Japan Pressures China On Professor Detained For ‘Spying’

Japan’s Prime Minister Shinzo Abe (R) shakes hands with China’s Vice President Wang Qishan at the Akasaka State Guesthouse in Tokyo on October 23, 2019. Japan pool via Jiji Press / JIJI PRESS / AFP

Prime Minister Shinzo Abe on Wednesday pressed China’s visiting vice president over the case of a Japanese professor detained by Beijing reportedly on allegations of spying.

Tokyo confirmed this week a Japanese man in his 40s has been held by Chinese authorities since September on suspicion of violating Chinese laws, without specifying the details.

Japanese media have identified him as a professor from Hokkaido University who is being detained on suspicion of spying.

Abe “strongly demanded a positive response from China regarding the detention of a Japanese national” when he met Wang Qishan on Wednesday, Chief Cabinet Secretary Yoshihide Suga told reporters.
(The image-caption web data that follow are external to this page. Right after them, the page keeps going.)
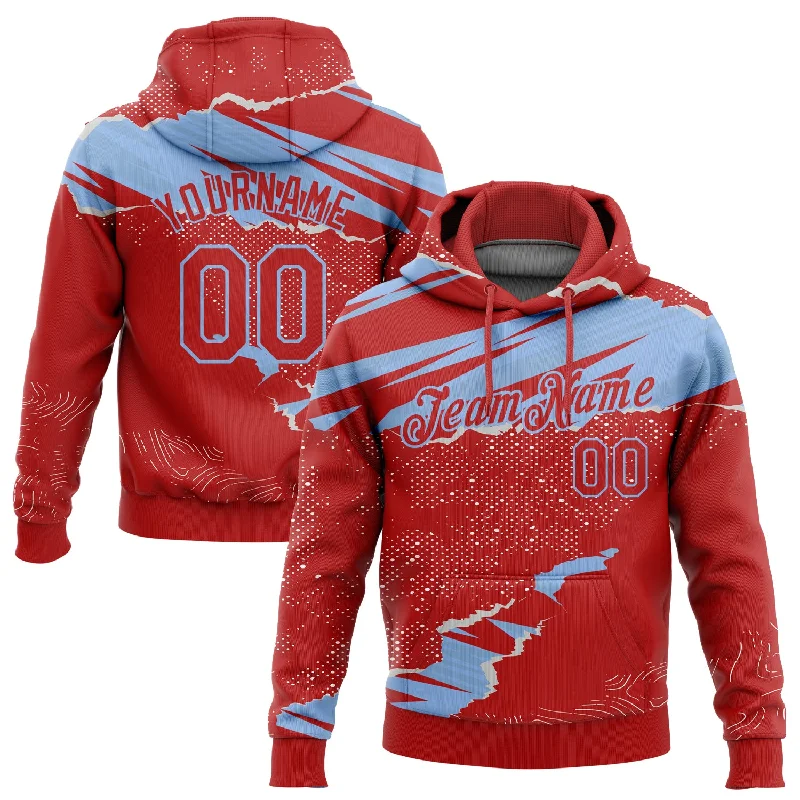 Women's Floral Hoodies-Custom Stitched Red Light Blue 3D Pattern Design Torn Paper Style Sports Pullover Sweatshirt Hoodie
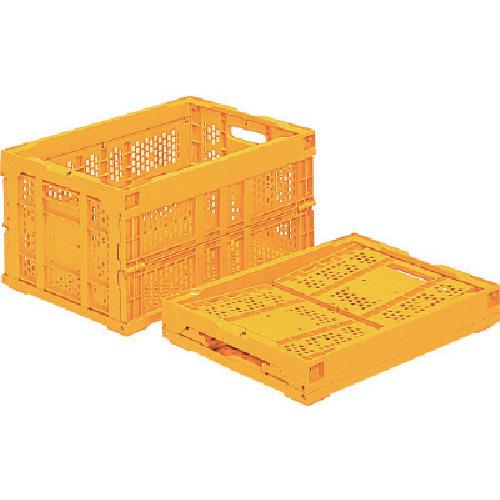 ■サンコー 折りたたみコンテナー 550530 オリコン40A(2) 44L イエロー 黄〔品番:550530YE00〕【2163704:0】[送料別途見積り][法人・事業所限定][外直送][店頭受取不可]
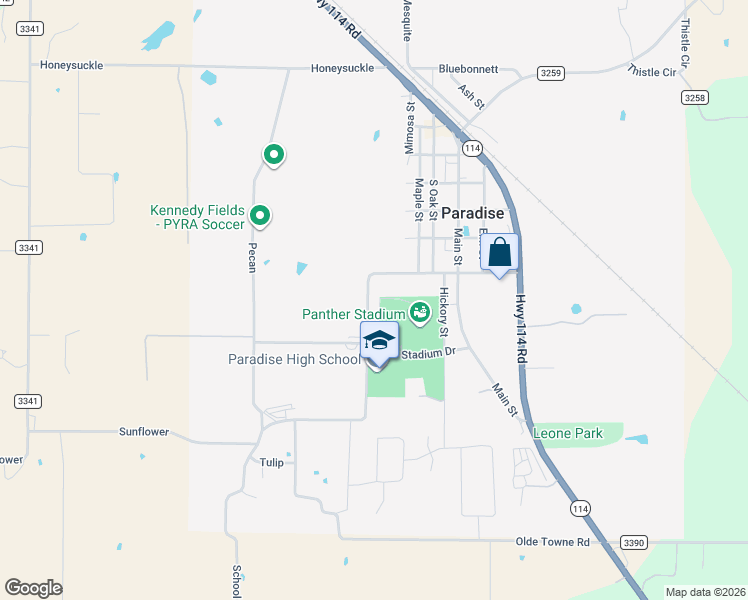 map of restaurants, bars, coffee shops, grocery stores, and more near 323 School House Road in Paradise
He gave no further details on the exchange.

The man, who has not been named, worked previously for the National Institute for Defense Studies in the defence ministry and the Japanese foreign ministry, according to local media reports.

On Monday, Chinese foreign ministry spokeswoman Hua Chunying said she did not know the details of the case, but that China “has always handled foreign nationals suspected of breaking China’s law, in accordance with the law”.

Hua said the detention was a “one-off case”.

“We hope that the Japanese side can remind its citizens to respect China’s laws and regulations and avoid engaging in illegal activities in China,” she added.

Beijing has faced accusations of using detentions of foreigners as a political tool, and observers have called it “hostage diplomacy”.

In 2017, China detained six Japanese citizens for alleged “illegal activities.”

Since 2015, at least 13 Japanese citizens — all civilians — have been detained in China on various charges including espionage, Japan’s Kyodo News and the Asahi Shimbun reported.

Tokyo’s ties with Beijing have been at times strained by rows over history and territorial disputes but have been improving recently, with President Xi Jinping expected to visit Japan early next year.